***** Data extracts *****

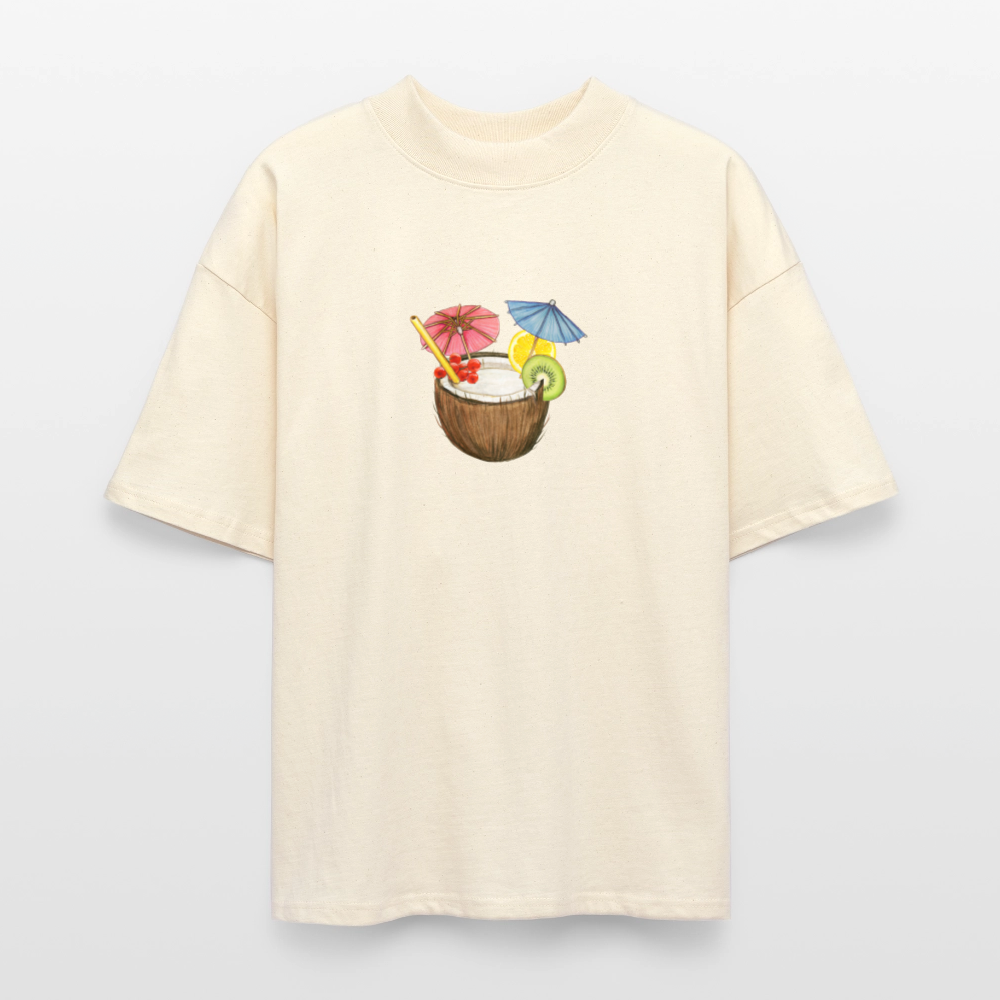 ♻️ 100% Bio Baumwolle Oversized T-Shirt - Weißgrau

*****
***** Data extracts *****

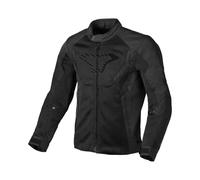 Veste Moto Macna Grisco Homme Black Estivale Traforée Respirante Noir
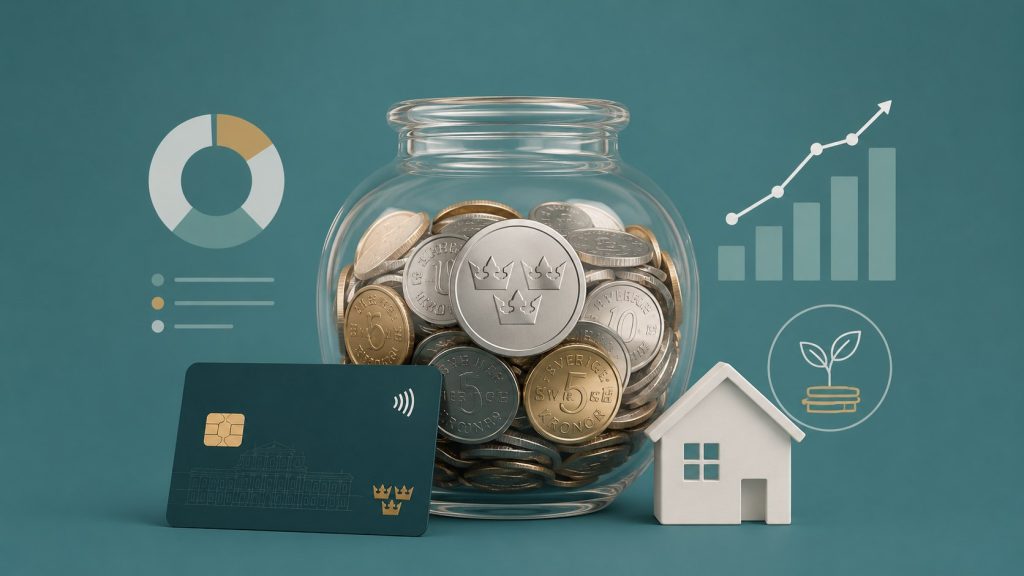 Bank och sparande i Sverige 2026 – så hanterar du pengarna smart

*****

**Work instruction**
Set down again, word for word, every line from the one with "Veste Moto Macna" to the one with "Bank och sparande" in the entries above, and omit the pictures.

**Exercise answer**
 Veste Moto Macna Grisco Homme Black Estivale Traforée Respirante Noir
 Bank och sparande i Sverige 2026 – så hanterar du pengarna smart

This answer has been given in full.